Pois é, mamãe. Viste? Nem nasci e já estou pegando a mania do “pois é” do papai. Sinto-te feliz hoje e sei a razão. E fico feliz também, pois em breve poderei beijar-te no rosto e não apenas te dar uns pontapés na barriga.

Sim eu sei. Bem sei que gostarias de ficar aqui comigo, tomando uma cervejinha, batendo papo... mas vai, vai descansar. Hoje é teu dia. Não queres? Então fica. Viste? Ela nem nasceu e já te chama de mamãe. Imagina quando puderes escutar isso. Só de pensar fico arrepiado. Desculpa, eu sei que é teu dia, mas eu vou ficar arrepiado quando ela disser “papai”.

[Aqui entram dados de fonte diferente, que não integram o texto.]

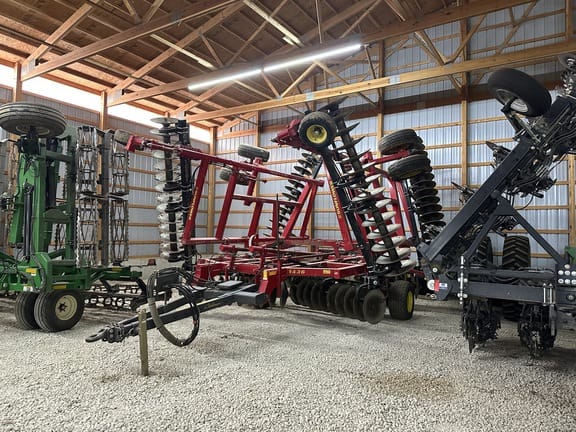 2019 Sunflower 1436 Equipment Image0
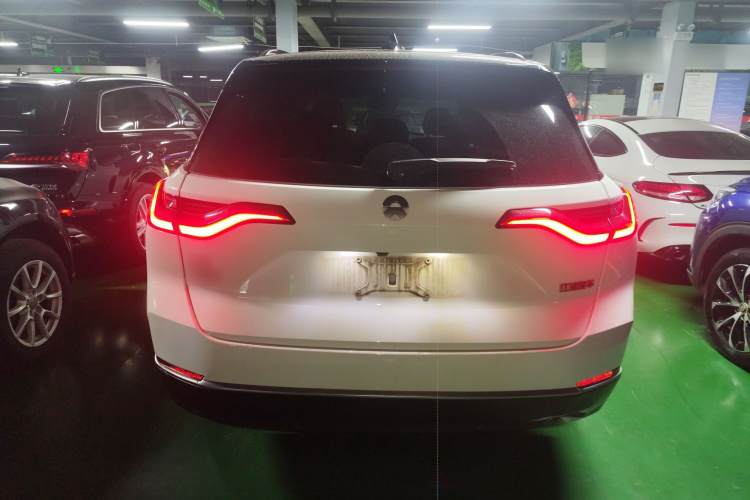 蔚来ES8 2020款 415KM 七座版车身外观6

Talvez não saibas, mamãe, mas te escolhi. Sim, aqui nós podemos escolher em qual família vamos nascer. E mais, escolhemos qual mãe queremos ter. Alguns decidem que ainda precisam resolver coisas pendentes; outros decidem que é hora de definitivamente abandonar a Terra e partir para outros mundos. Eu não. Eu sei que ainda preciso de ti. Ainda preciso aprender muitas coisas contigo antes de deixar essa Terra. Não para resolver, mas para aprender.

Sabes de uma coisa? Tem momentos em que a gente quase desiste. Aquele dia, lá no Bar do Beto, era um desses dias. Era o dia mais improvável pra nós. Não querias estar lá. Eu fui com o piloto automático. Foste pra ajudar uma amiga; fui simplesmente porque tinha que ir. Era parte do ser assim. Tinha que ser; se não fosse, seria mais uma noite a odiar o mundo. E fui. E estavas lá.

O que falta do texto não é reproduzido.